## Problem requirements
For this exercise, return only the lines in the records below from the one holding "Then you actually" through the one holding "When we advance", including both, exactly as they appear and without pictures.

## Input material
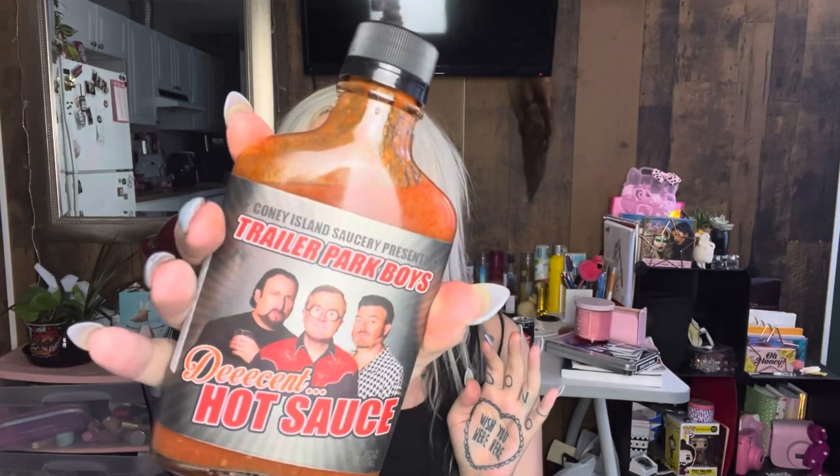So again, it is the Decent Hot Sauce from Coney Island Saucery. I want to give a huge thank you again to Aaron for sending me this to review — I hope I didn't let you down. I'll put all their links down below, make sure you check them out. I'm so excited to slather this all over everything I eat that is not noodles. This has been fun, I hope you guys had as much fun as I did. Check these guys out because — chef's kiss — it's beautiful. Till next time, bye guys!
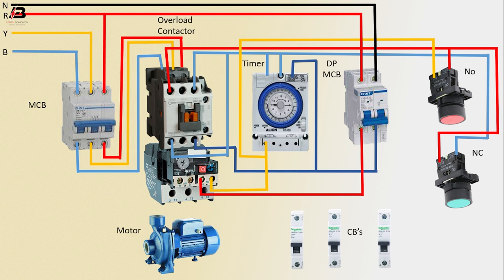Output connection from overload to connect DP MCB. Another connection to single pole circuit breaker one, again from timer to single pole circuit breaker two, again from timer to single pole circuit breaker three. Three-phase connection input to motor. Now this circuit is ready for use.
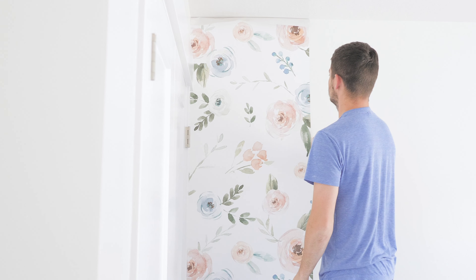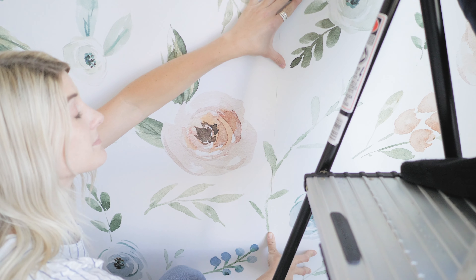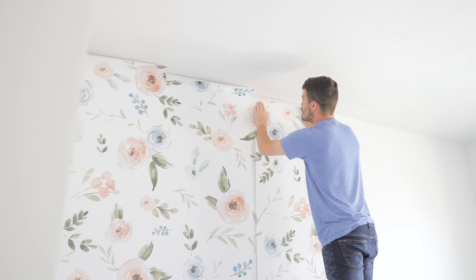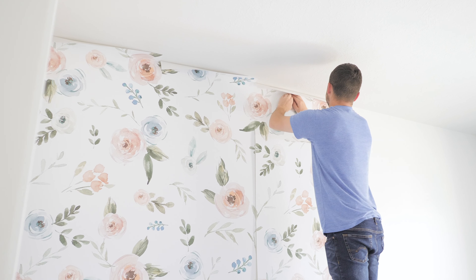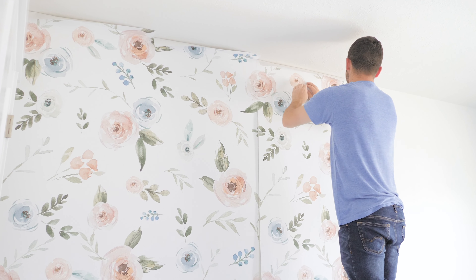Have one person align the top and one person align the bottom to ensure the panel is straight. If you have enough length, start one to two inches above the ceiling line. Do not use the ceiling as a level guide, as most are not perfectly straight.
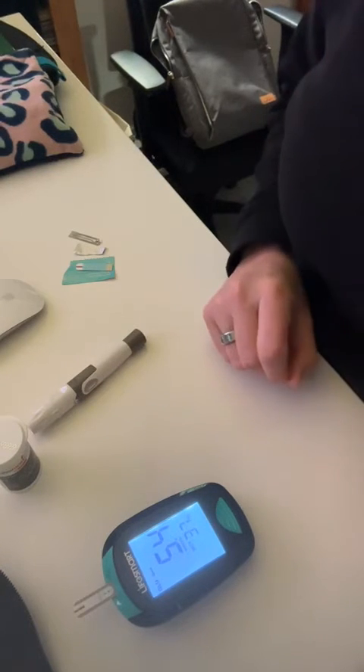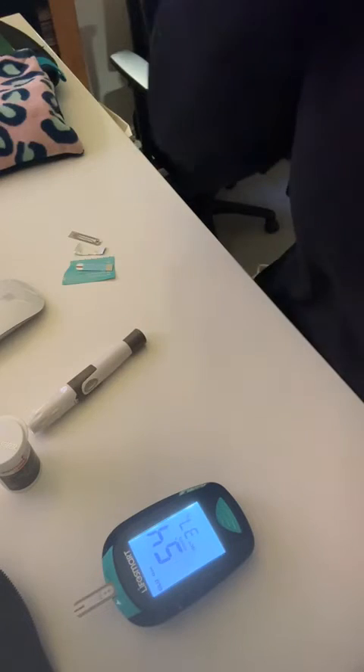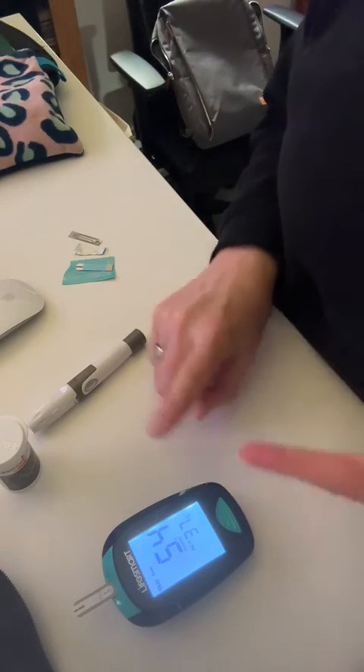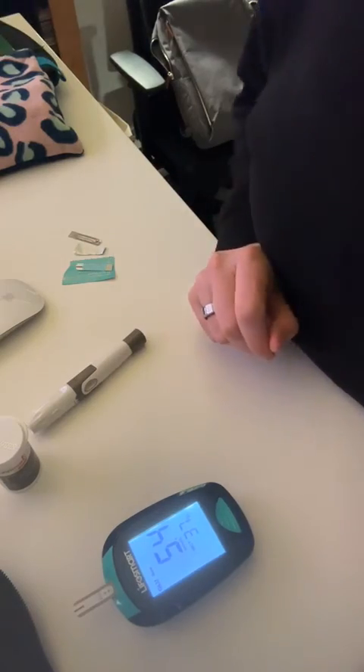Then you actually just plug these numbers into a calculator. I use Carb Manager on my phone — it's an app where you can record your glucose and your ketones and it works out your GKI for you.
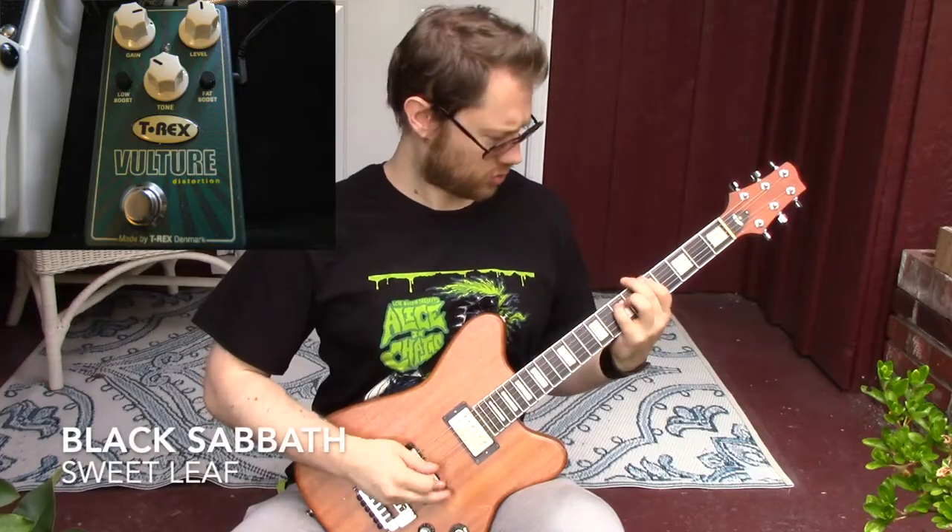For a perfectly sinister vintage Sabbath tone, back off the tone and the low boost, turn up the gain, and crank that fat boost.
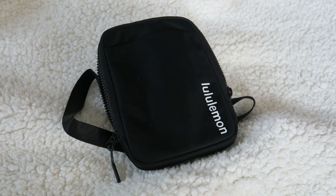Hey everyone, it's Melody. I am here with a quick review of the new Lululemon Easy Access Crossbody Bag. I picked this up a couple weeks ago and I'm really excited about it, so I wanted to show you guys what it looked like and the functionality of it.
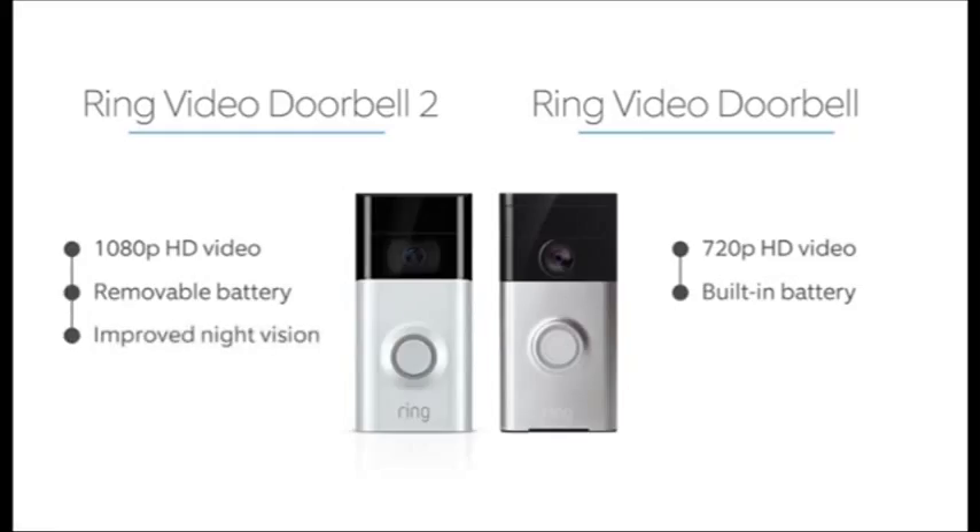We've made improvements to night vision, so the video footage for Ring Doorbell 2 is less grainy than Ring Doorbell.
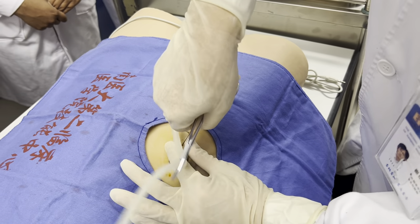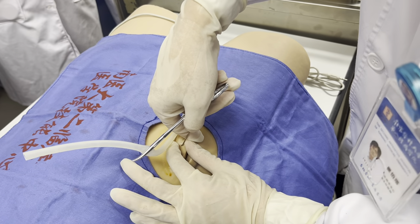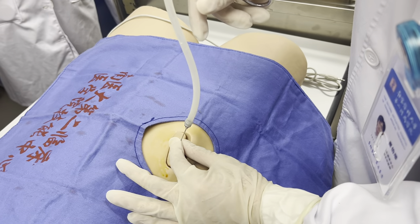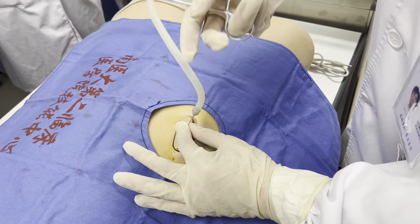When we advance — when we puncture — until we feel an empty sensation, which means that the needle has entered the cavity. And we will see the fluid or solution come out.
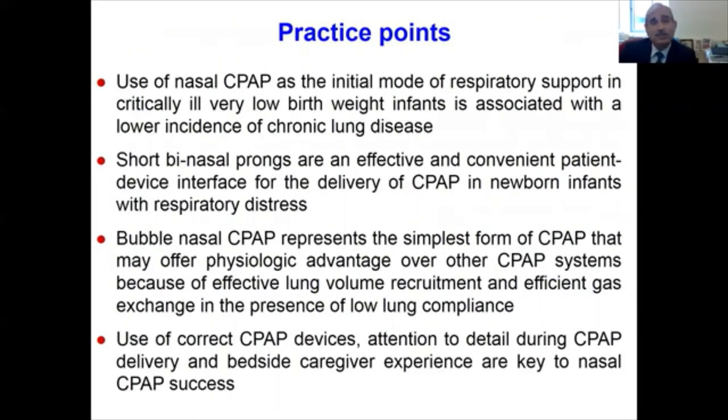To summarize, here are the key take-home practice points. Use of nasal CPAP as the initial mode of respiratory support in critically ill very low birth weight infants is associated with a lower incidence of chronic lung disease. Short binasal prongs are effective and convenient patient-device interfaces for CPAP delivery. Bubble nasal CPAP represents the simplest form of CPAP and may offer physiological advantages — including effective lung volume recruitment and efficient gas exchange — in the presence of low lung compliance. Use of correct CPAP devices, attention to details during delivery, and bedside care experience are the key to nasal CPAP success.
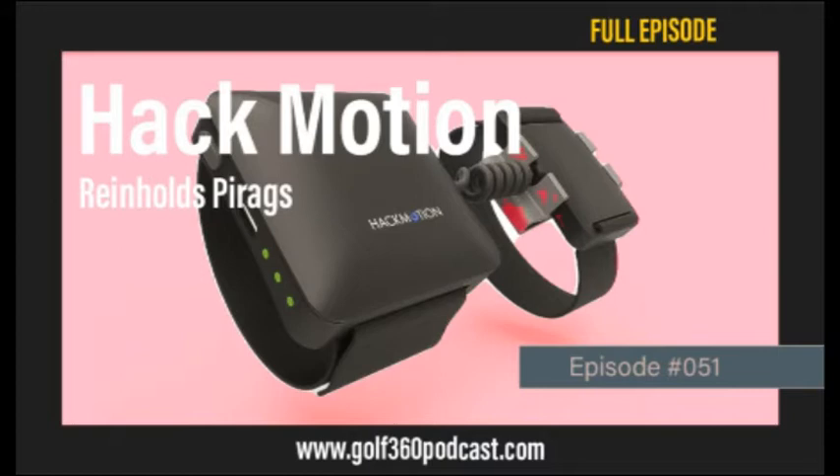Definitely — the simple benefit is catching yourself quicker when you're doing the wrong thing. Same as filming yourself on the range to check your takeaway — you might think you're doing it right but you're really not. If you can cut that feedback loop after each swing with precise data, that's huge. It definitely helps decrease wear and tear because you don't need to hit as many shots to reach the same goal.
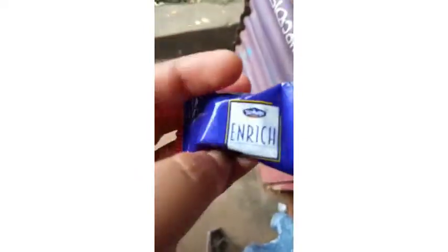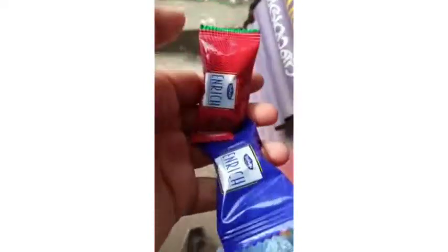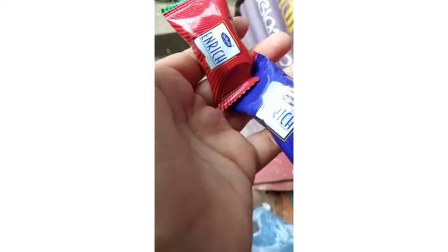I am going to show you the bag. I am going to show you the blue color. I am going to show you the red color.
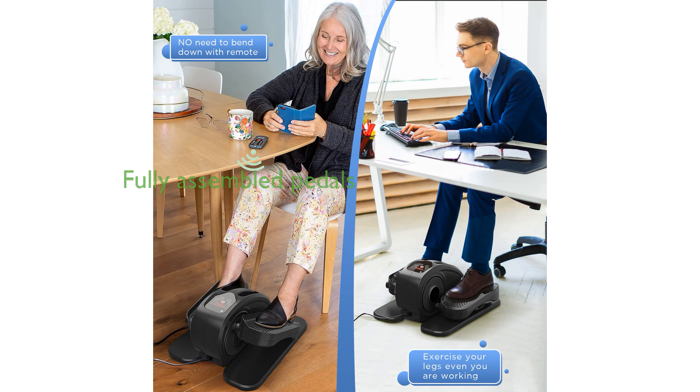Arriving fully assembled, the EM100 features sturdy, textured anti-slip pedals that facilitate a low-attention workout, promoting better circulation without distraction.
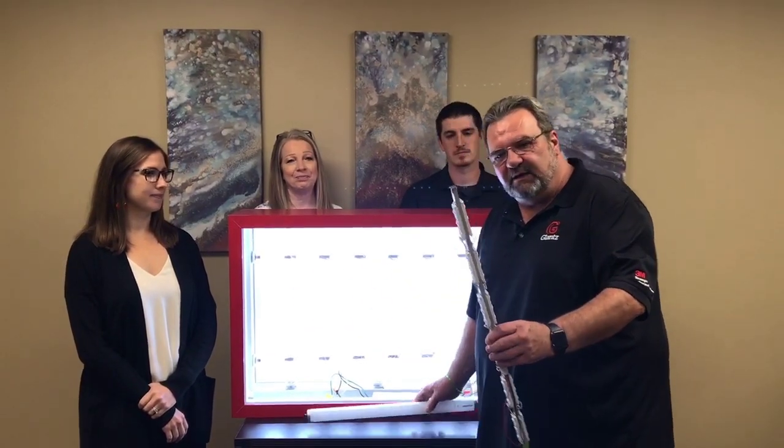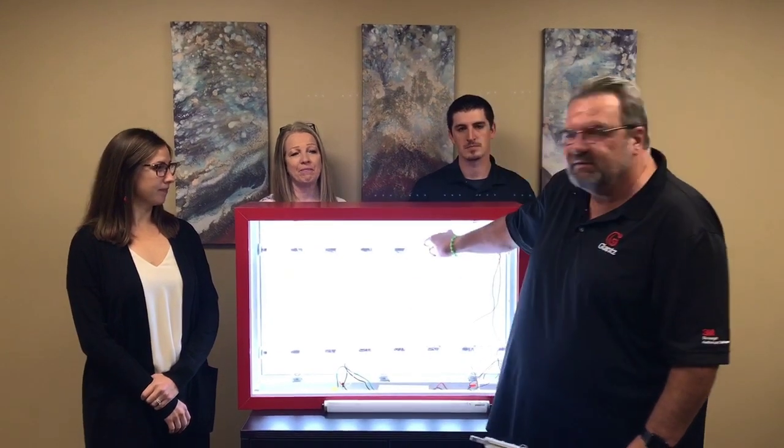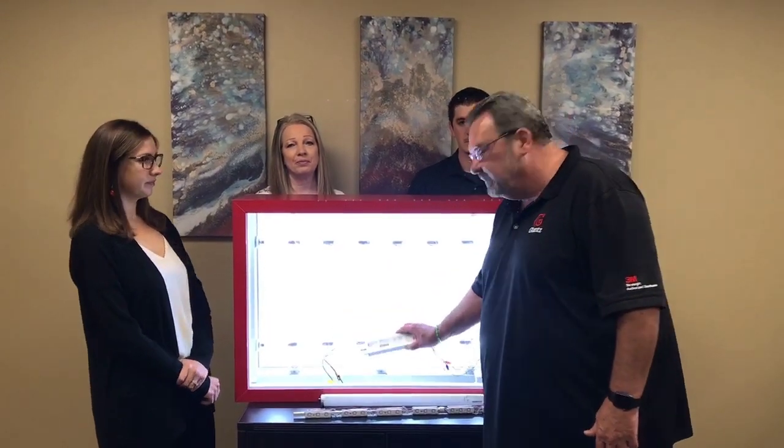They come in one-sided or two-sided, and quickly replace your fluorescent lamp. All you have to do is pop the fluorescent lamp out, insert the stick, remove the ballast, wire up your driver, and you're good to go.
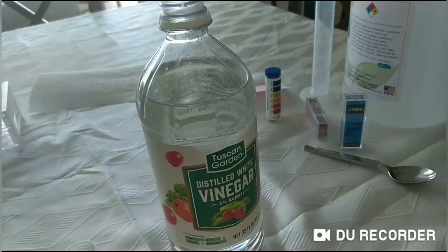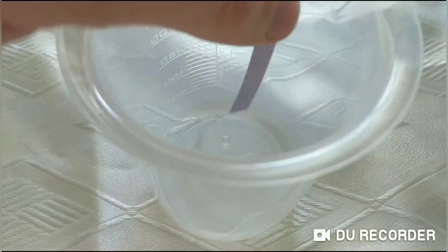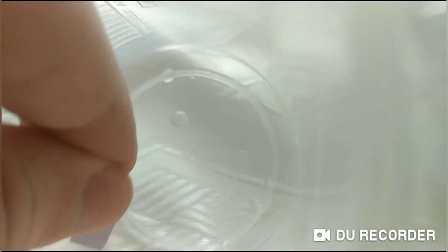Here I have the vinegar and I've measured one milliliter. I'll put that in this beaker and test it. Testing with the red litmus paper — it stays red, so I'll write that down. For the blue litmus paper, it turns red.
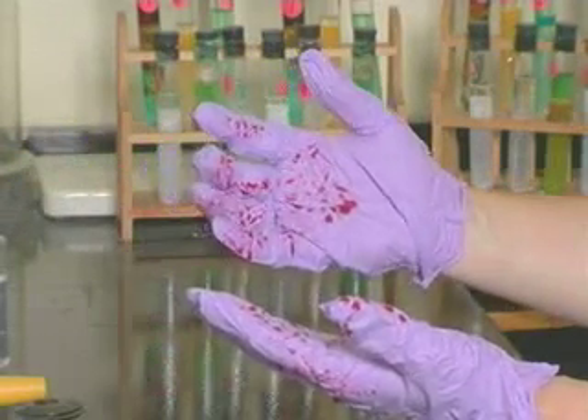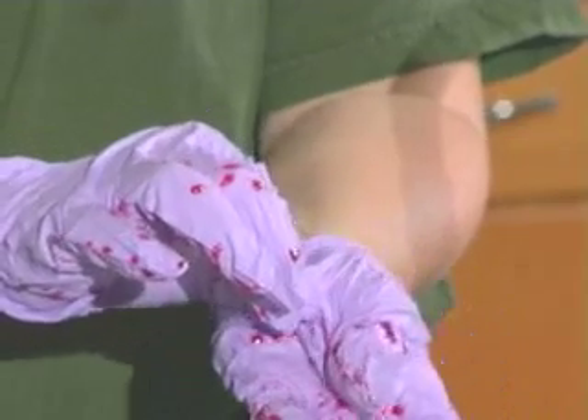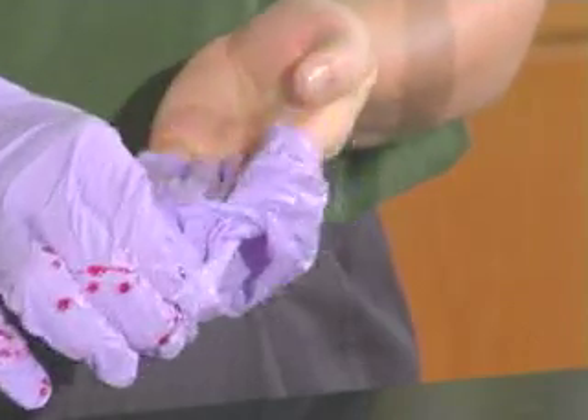Without touching your bare skin, grasp either palm with the fingers of the opposite hand. Gently pull the glove away from your palm and toward the fingers. Remove the glove inside out, and hold on to the glove that was removed with the fingers of the opposite hand.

## Written answer
Then you actually just plug these numbers into a calculator. I use Carb Manager on my phone — it's an app where you can record your glucose and your ketones and it works out your GKI for you.
For a perfectly sinister vintage Sabbath tone, back off the tone and the low boost, turn up the gain, and crank that fat boost.
Hey everyone, it's Melody. I am here with a quick review of the new Lululemon Easy Access Crossbody Bag. I picked this up a couple weeks ago and I'm really excited about it, so I wanted to show you guys what it looked like and the functionality of it.
We've made improvements to night vision, so the video footage for Ring Doorbell 2 is less grainy than Ring Doorbell.
When we advance — when we puncture — until we feel an empty sensation, which means that the needle has entered the cavity. And we will see the fluid or solution come out.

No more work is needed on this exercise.